Top of GIVEN RECORDS

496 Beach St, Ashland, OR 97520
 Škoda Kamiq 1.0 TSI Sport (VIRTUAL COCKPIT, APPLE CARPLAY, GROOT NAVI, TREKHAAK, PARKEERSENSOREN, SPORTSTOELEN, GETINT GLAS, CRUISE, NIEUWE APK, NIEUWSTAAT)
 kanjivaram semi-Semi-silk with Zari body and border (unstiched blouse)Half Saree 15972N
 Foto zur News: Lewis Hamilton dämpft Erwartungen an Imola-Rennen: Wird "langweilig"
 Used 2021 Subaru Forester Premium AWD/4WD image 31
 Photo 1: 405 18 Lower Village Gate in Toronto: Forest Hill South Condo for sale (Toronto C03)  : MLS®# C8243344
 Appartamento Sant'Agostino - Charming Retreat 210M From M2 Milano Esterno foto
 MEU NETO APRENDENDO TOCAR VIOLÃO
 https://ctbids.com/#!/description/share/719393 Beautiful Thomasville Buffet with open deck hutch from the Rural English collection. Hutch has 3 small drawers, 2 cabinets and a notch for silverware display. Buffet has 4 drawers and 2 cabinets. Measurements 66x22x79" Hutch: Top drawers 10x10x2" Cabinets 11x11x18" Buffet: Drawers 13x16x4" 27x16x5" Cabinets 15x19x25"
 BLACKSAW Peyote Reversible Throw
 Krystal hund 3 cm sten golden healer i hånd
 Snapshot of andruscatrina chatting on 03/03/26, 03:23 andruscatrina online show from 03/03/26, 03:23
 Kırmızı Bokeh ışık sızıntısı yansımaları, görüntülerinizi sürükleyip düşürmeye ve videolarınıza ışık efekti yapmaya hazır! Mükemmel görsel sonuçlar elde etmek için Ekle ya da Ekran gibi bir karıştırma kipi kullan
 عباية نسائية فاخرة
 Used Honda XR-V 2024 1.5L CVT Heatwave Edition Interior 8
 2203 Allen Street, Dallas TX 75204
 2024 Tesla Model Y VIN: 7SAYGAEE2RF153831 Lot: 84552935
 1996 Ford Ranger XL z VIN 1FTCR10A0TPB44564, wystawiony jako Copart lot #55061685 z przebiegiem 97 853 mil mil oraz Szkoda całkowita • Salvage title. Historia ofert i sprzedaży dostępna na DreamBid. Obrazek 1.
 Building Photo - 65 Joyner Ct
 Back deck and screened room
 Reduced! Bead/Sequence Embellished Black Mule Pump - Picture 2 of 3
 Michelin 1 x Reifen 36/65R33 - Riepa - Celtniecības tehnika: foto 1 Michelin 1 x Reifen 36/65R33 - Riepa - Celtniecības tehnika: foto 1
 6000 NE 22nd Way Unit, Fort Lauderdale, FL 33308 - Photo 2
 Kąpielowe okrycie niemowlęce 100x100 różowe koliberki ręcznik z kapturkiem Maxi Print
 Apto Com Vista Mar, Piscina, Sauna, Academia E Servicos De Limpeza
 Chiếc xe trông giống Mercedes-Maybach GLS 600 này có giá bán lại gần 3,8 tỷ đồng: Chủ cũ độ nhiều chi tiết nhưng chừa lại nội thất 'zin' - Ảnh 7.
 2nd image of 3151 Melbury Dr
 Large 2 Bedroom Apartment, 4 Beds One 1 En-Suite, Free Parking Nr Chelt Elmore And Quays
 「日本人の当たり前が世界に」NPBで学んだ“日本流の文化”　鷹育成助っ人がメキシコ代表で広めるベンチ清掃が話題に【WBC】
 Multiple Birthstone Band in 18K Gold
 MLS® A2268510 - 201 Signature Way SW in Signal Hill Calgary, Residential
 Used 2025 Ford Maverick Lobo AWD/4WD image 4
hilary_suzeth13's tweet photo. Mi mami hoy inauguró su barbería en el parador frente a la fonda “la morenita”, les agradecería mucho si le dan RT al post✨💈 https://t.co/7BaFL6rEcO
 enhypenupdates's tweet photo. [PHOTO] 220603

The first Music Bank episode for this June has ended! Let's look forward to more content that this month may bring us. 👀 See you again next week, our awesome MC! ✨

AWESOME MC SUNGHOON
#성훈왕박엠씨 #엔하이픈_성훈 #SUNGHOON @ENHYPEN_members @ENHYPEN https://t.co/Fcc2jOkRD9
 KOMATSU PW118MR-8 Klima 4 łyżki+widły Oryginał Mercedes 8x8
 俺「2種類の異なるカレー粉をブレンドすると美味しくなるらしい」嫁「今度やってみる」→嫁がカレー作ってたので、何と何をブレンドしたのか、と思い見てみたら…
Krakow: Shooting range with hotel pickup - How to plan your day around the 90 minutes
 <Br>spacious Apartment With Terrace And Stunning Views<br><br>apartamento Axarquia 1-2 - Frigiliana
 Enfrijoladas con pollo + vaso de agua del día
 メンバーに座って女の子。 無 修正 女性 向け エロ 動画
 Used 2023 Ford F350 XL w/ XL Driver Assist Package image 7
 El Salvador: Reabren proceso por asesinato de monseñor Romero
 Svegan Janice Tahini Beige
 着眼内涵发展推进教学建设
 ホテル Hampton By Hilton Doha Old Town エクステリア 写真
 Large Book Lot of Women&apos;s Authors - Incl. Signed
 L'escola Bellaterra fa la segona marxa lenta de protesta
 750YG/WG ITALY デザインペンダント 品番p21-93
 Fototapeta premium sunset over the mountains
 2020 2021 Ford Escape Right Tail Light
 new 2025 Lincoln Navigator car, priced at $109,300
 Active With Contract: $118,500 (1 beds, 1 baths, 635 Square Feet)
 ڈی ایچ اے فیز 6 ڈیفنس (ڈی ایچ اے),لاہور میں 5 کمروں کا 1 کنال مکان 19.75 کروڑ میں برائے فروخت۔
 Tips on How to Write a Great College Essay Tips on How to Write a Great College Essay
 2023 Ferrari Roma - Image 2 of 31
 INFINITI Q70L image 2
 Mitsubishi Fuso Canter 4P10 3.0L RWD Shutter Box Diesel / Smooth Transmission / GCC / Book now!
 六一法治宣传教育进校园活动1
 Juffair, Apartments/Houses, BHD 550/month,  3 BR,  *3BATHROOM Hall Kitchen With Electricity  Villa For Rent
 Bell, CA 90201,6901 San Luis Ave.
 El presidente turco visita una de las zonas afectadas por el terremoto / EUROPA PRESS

Bottom of GIVEN RECORDS

EXERCISE REQUIREMENTS:
Copy the lines of the data above exactly as written, beginning with the line containing "Reduced! Bead/Sequence Embellished" and ending with the line containing "Large 2 Bedroom", and leave out all other lines.

EXPECTED OUTPUT:
 Reduced! Bead/Sequence Embellished Black Mule Pump - Picture 2 of 3
 Michelin 1 x Reifen 36/65R33 - Riepa - Celtniecības tehnika: foto 1 Michelin 1 x Reifen 36/65R33 - Riepa - Celtniecības tehnika: foto 1
 6000 NE 22nd Way Unit, Fort Lauderdale, FL 33308 - Photo 2
 Kąpielowe okrycie niemowlęce 100x100 różowe koliberki ręcznik z kapturkiem Maxi Print
 Apto Com Vista Mar, Piscina, Sauna, Academia E Servicos De Limpeza
 Chiếc xe trông giống Mercedes-Maybach GLS 600 này có giá bán lại gần 3,8 tỷ đồng: Chủ cũ độ nhiều chi tiết nhưng chừa lại nội thất 'zin' - Ảnh 7.
 2nd image of 3151 Melbury Dr
 Large 2 Bedroom Apartment, 4 Beds One 1 En-Suite, Free Parking Nr Chelt Elmore And Quays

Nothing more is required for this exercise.